Pero no será preciso insistir mucho en que este tiempo nuestro es el del russonianismo más extremado, y, a la vez, el de una delincuencia juvenil y adolescente más extrema, aunque también lo es del sacrificio de los niños como portadores de bombas. Cada día se parece más este tiempo nuestro, en esta como carrera hacia la anomia total, a los tiempos de la guillotina en los que había calles de París encostradas de sangre que ya no pasaba por los sumideros, pero los papás y las mamás, ciudadanos y ciudadanas, alzaban con los ojos llenos de lágrimas a sus retoños para que vieran pasar la carreta de los que a la guillotina iban por un trágico destino, su culpable desgracia de no ser republicanos. Y, en los teatros, las representaciones eran todas ellas bucólicas y pastoriles o de tiernos amores y alegrías hogareñas. Y ahora mismo sería un horror traumático contar a los niños la escena evangélica de la matanza de los Inocentes en Belén, que es la primera lección acerca de los entresijos de la maquinaría política y su funcionamiento que recibíamos en otro tiempo; se prefiere que los angelitos consuman grandes dosis diarias del puré de cadaverina que produce la historia, pero que es política ya convenientemente homologada y pedagógica.

En realidad, todo debe estar homologado, a comenzar por los juguetes y los cuentos infantiles, que ya no están pensados para el placer, sino para la pedagogía; esto es, que el juego ya no será gratuito y porque sí, el ámbito de la pura libertad y alegría, sino realidad orientada. Es decir, que todo va dirigido en el sentido de una educación para balillas y pioneros o retoños de la revolución, porque ahora tampoco a los niños se les ahorra la asignatura transversal de la ideología y la salvación por la política que ahora atraviesa la vida humana, comiéndose las almas y no solo la fina punta de ellas, sino hasta su cogollo y última morada.
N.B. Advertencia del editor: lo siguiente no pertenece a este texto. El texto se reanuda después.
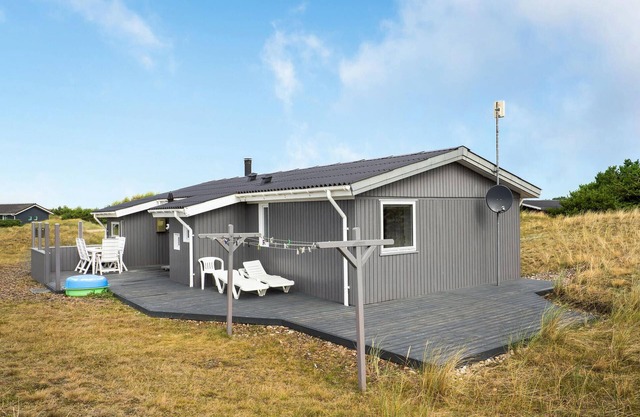 Lovely home in Fanø with WiFi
Un día hubo en una emisión televisiva, que creí que era para niños, que ya casi es lo único que puede verse a cierta edad sin quedar estupidizado, en la que el docente que dirigía aquello preguntaba a niños de ocho o nueve años sobre el coronel Tejero, el golpe de Estado, y cosas por el estilo, se supone que para una educación total, aunque los niños, con sus contestaciones, pusieron enseguida en evidencia el jueguecito. Una niña dijo que tejero es el que hace tejas, y un golpe de estado es un golpe dado con el puño cerrado sobre la mesa. Pero ¡con qué superior condescendencia olímpica miraba el conductor de esa emisión la inocencia de aquellos niños!

Si algo hay claro, en efecto, es que sólo en los totalitarismos es movilizado para la política a todo semoviente, pero, sobre todo, a los niños. Se les da un buen lavado de cerebro, y luego una sobrealimentación ideológica y sentimental, quedan así encantadoramente homologados e inocentes, y listos para las ofrendas florales a los dirigentes y otros cultos cívicos, en la ortodoxia del Estado como fuente del Derecho y la moral, pero también de todo pensamiento correcto. La realidad ya no es la realidad, sino lo que el Estado dice que es la realidad, y una realidad roussoniana e inocente.

La historia de los niños, como la de las mujeres, ha sido atroz -y todavía lo sigue siendo bajo tan repugnante gramática como violencia doméstica y violencia de género- pero, si los niños también van a ser incorporados a ese tipo de inocente adultez, es que estamos alimentando una raza de superhombres para vivir en la anomia más perfecta, y con el manejo de la tecnología para el placer de la muerte. Pronto jugarán a la eutanasia ajena y a todos los otros deliciosos horrores del gabinete del Marqués de Sade.

Nuestra voluntad de dominio e instrumentación sobre seres tan frágiles queda disfrazada en nuestro halago sistemático de la inocencia para su ideologización y politización desde los más tiernos años, y su conversión en balillas o pioneros de cualquier cosa. Ahora ellos quieren ser héroes, y reproducen el reality show de sus mayores.